To Chen, principal of Open Source Strategies Inc., a Los Angeles-based consulting firm, open sources flexibility lends itself to ERP (enterprise resource planning) solutions. Open source puts ERP source code in the hands of companies, which can freely modify it to meet their specific needs.
With ERP customization is close to inevitable. Chen pointed out that as many as 80 percent of ERP deployments in some market segments are custom-developed systems. And commercial ERP products from the likes of Oracle and SAP are rarely implemented without significant adaptation.
“In the commercial world, you are still sort of stuck – you have to pay the license fee,” Chen said.
But with open source, he added, customers can forgo the license fee and tweak the software until it suits them.
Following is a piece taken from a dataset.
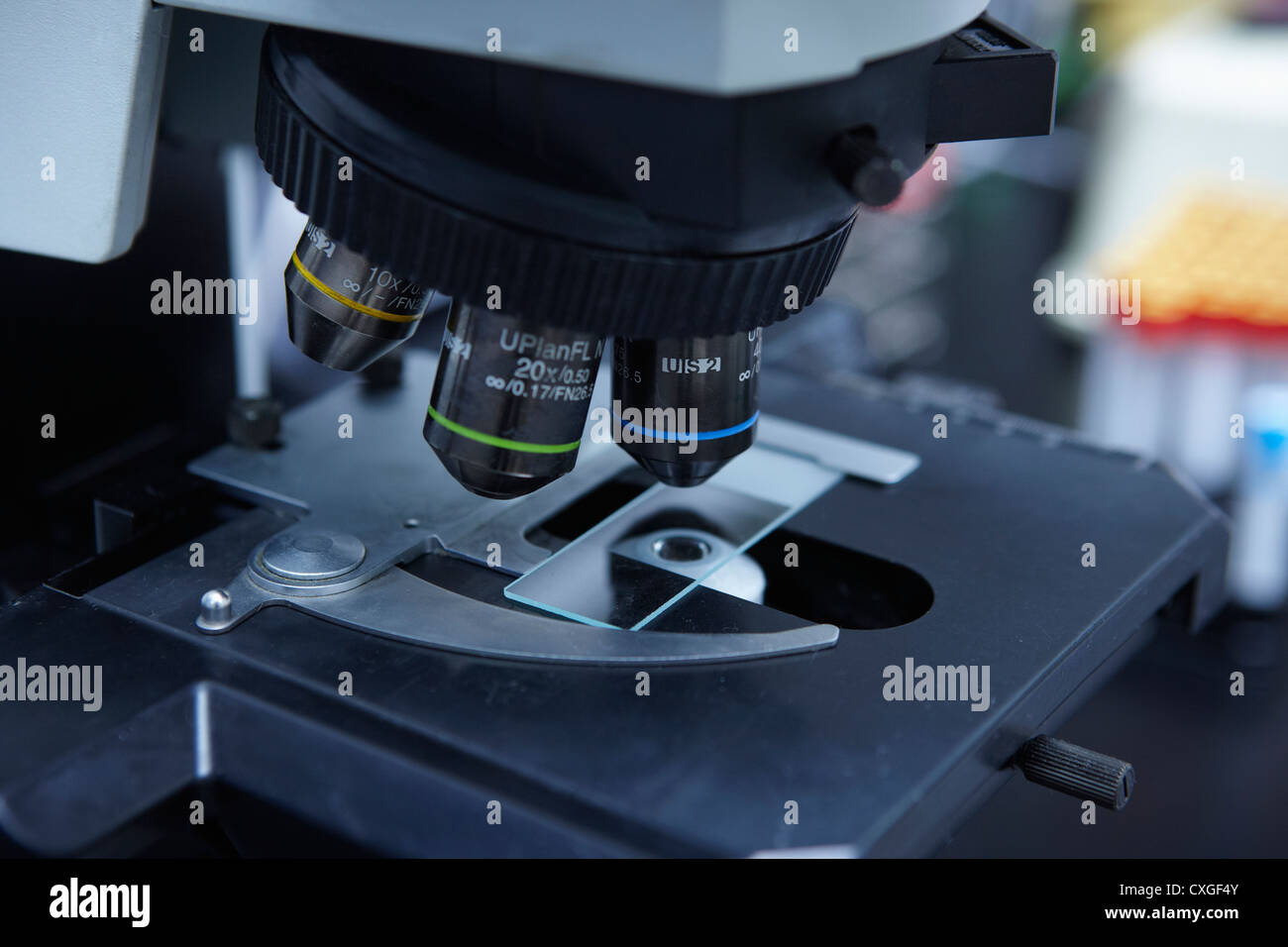 A picture of a microscope Stock Photo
Chens first exposure to open-source ERP was in a user role. He began exploring the field a couple of years ago when he sought a system for his online retail operation, Gracious Style. He settled on the OFBiz (Open For Business) open-source enterprise automation suite. In time, Chens company became one of the core developers of OFBiz.
Now, Open Source Strategies is lead developer on Sequoia ERP, a version of OFBiz positioned as an ERP solution. Sequoia ERP is available under the MIT Public License.
“We saw a significant need for an open-source ERP solution that was low cost and … very flexible and could be developed in a community process,” Chen said.
Dan Houck, a software architect based in Pittsburgh, said Sequoia ERP “will require extensive customization for your business and a heavy knowledge investment.” That story, he added, holds true for any ERP offering. But if an organization is going to invest heavily in ERP, Houck reasoned, why not invest in “something you have control over?”